Keinginannya yang besar untuk dapat bekerja dan bertemu banyak orang dia wujudkan dengan mengambil jurusan Ilmu Komunikasi di UMN. Awalnya, Adel akan mengambil bidang peminatan Broadcasting atau Jurnalistik, namun karena pertimbangan nilai Pengantar Public Relationnya yang menadapat A, dan juga pertimbangan bahwa di peminatan PR dia tetap bisa menulis, dia pun memilih PR. Pengalamannya menjadi MC ternyata sangat bermanfaat, di universitas dia dipercayakan untuk membawakan acara-acara dan juga seminar-seminar yang diselenggarakan oleh UMN.

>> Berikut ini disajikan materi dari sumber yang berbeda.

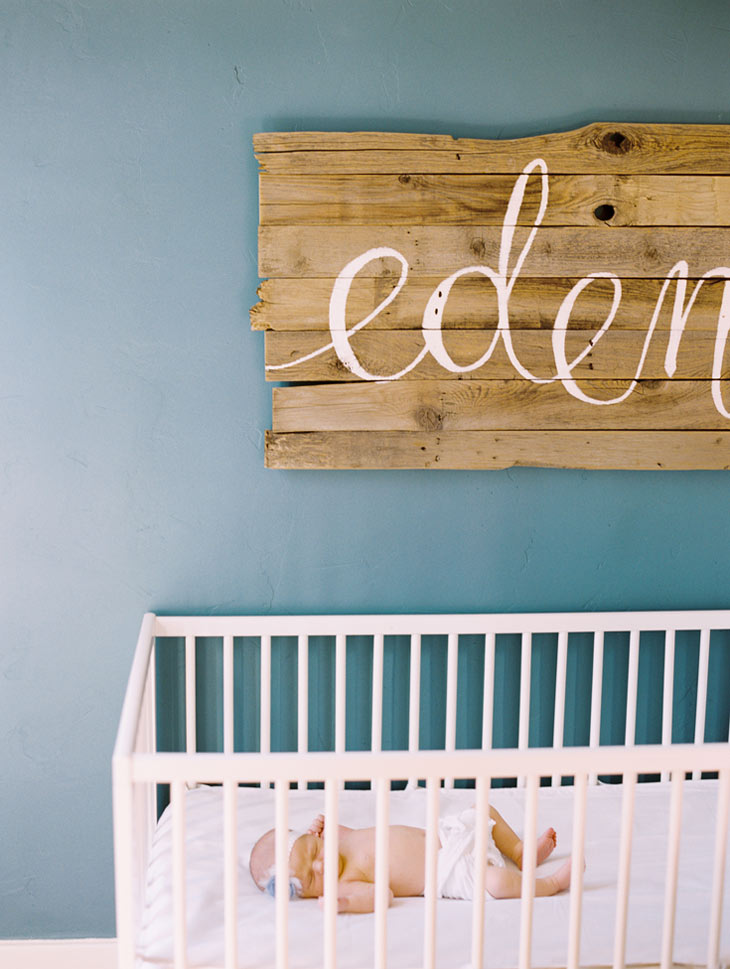 Newborn photo | Cassidy Brooke Photography | sign by ezer calligraphy & design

Hobinya untuk menulis, mendorongnya untuk rutin mengisi blog dan menulis cerpen. Cerpennya juga dimuat di untuk Ultimagz. Seiring berlalunya waktu, muncul keinginan untuk selalu dikenal orang. Bukan dari siapa dia tapi melalui apa yang dia hasilkan. Keinginan ini muncul dari pengalamannya sehari-hari yang sering bertemu dengan banyak orang dari kalangan yang berbeda. Mulai dari pengemis, tukang sapu maupun pengusaha. Dan juga kejadian-kejadian yang terjadi di Indonesia, seperti ; demo anarki, kerusuhan, tawuran yang lama-lama justru menjadi image bagi negara ini. Dia ingin negara ini berubah. Dia ingin meminimalkan efek Teori Disonansi Kognitif.

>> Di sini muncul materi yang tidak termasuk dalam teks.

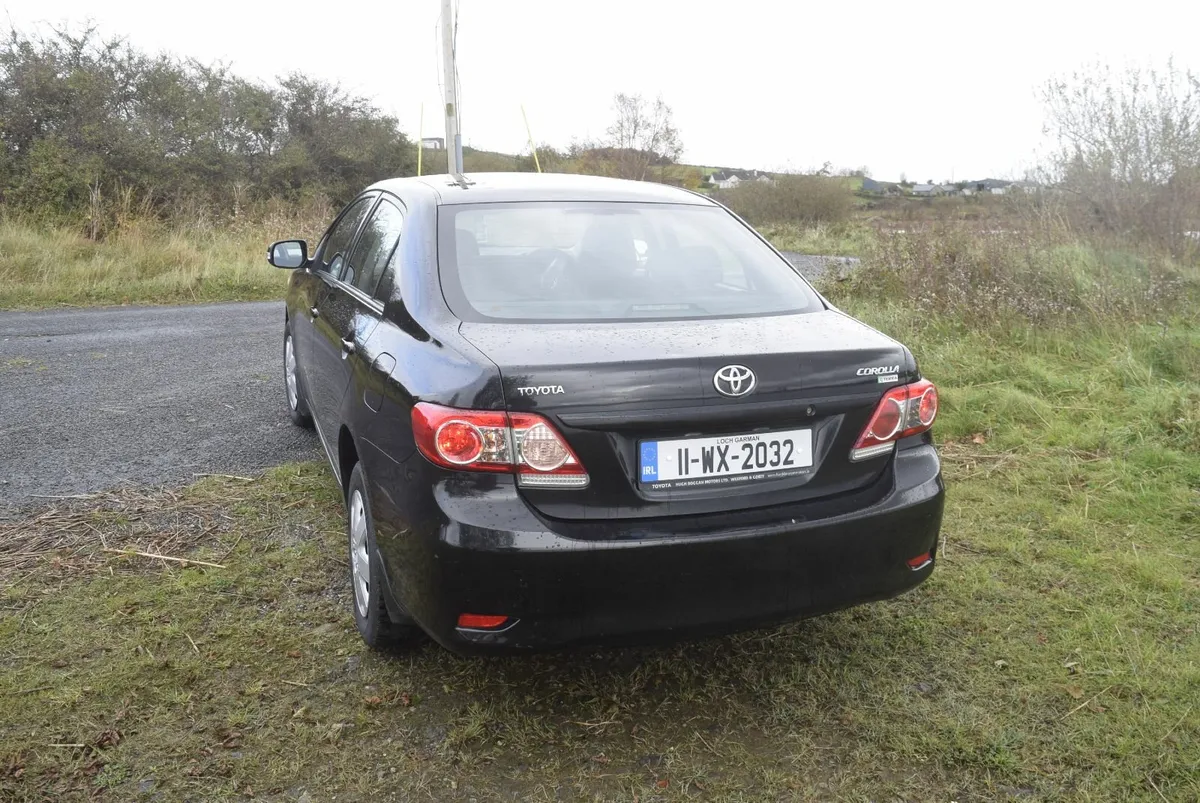 Toyota Corolla 2011 - Image 3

Dia bertekad lulus dari UMN dengan mendapat gelar S1 pada umur 22 tahun. Dia ingin bekerja sebagai PR untuk perusahaan media atau perhotelan, menganalisis berita tentang isyu yang berkembang mengenai citra Indonesia. Selain itu, dia juga ingin menjadi seorang penulis novel, dan ingin agar novelnya menjadi best seller internasional. Dia menyadari bahwa citra Indonesia tidak mendatangkan profit sekarang ini, justru malah memancing meningkatnya citra buruk bagi Indonesia terutama dalam bidang pariwisata. Dia ingin pekerjaannya menjadi kebanggaan bagi apa yang dia lakukan untuk negaranya bukan karena siapa dia. Kemudian melanjutkan sekolah S2 pada umur 24 tahun dan lulus 2 tahun berikutnya. Kemudian dia akan mengumpulkan dana untuk membangun sekolah bagi anak-anak jalanan dan juga lembaga masyarakat untuk menampung orang-orang yang tidak mampu agar dapat merubah hidupnya dan tidak menjadi pengemis.

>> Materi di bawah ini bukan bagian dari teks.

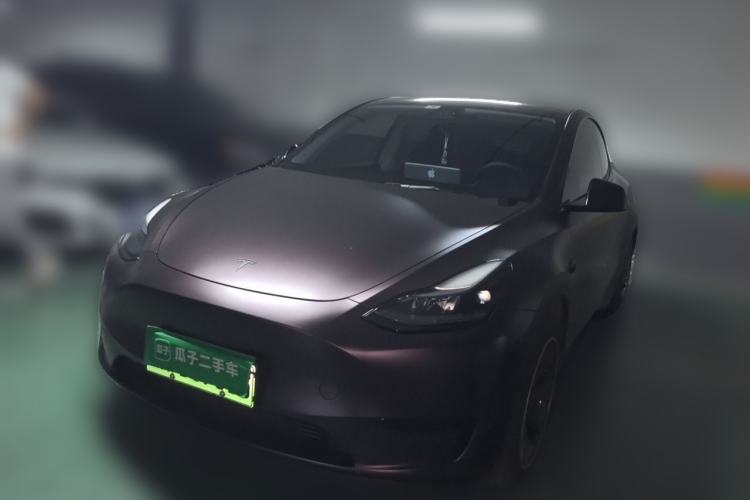 Tesla Model Y 2024 Rear-Wheel-Drive Version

Menurutnya, keadaan Indonesia sekarang ini hanya mendukung keadaan ekonomi bagi orang-orang yang memiliki uang. Dia sering bertemu dengan banyak pengemis, banyak anak jalanan, anak-anak di bawah umur yang sengaja menjadi pengamen dan bukannya mengenyam pendidikan. Berbagai kejadian tentang kemiskinan yang “katanya” berkurang menurut para petinggi pemerintah. Kenyataannya kemiskinan di Indonesia malah meningkat setiap tahunnya, semakin banyak anak-anak yang mengikuti jejak orang tuanya yang seorang pengemis, yang seorang pencuri. Sungguh ironis, ketika para petinggi pemerintah dan para orang berduit justru memikirkan akan liburan kemana? Dan mereka? Mereka justru menikmati hidup yang kesehariannya hanya “meminta”.
Selama hidupnya, dia sering mendengar orang menggerutu ketika melihat anak jalanan atau pengemis. Mereka akan berkata “Orang tuanya kemana sih?”, “Mereka kan masih sanggup kerja ngapain ngemis?” Yang Adel herankan adalah apakah mereka nggak pernah berpikir, apa ada yang mau menerima mereka jika latar pendidikan mereka, latar kehidupan mereka seperti itu? Mengemis? Tidak sekolah, dan sebagainya.
Hal inilah yang mendorongnya untuk belajar komunikasi, dia ingin merubah dunia, melalui negaranya, Indonesia. Dia yakin, dengan komunikasi yang efektif dia dapat meminimalkan perbedaan sosial di Indonesia, dapat merubah komunikasi pemerintah yang lambat agar tidak semakin membuat perbedaan antara yang miskin dan kaya terlihat.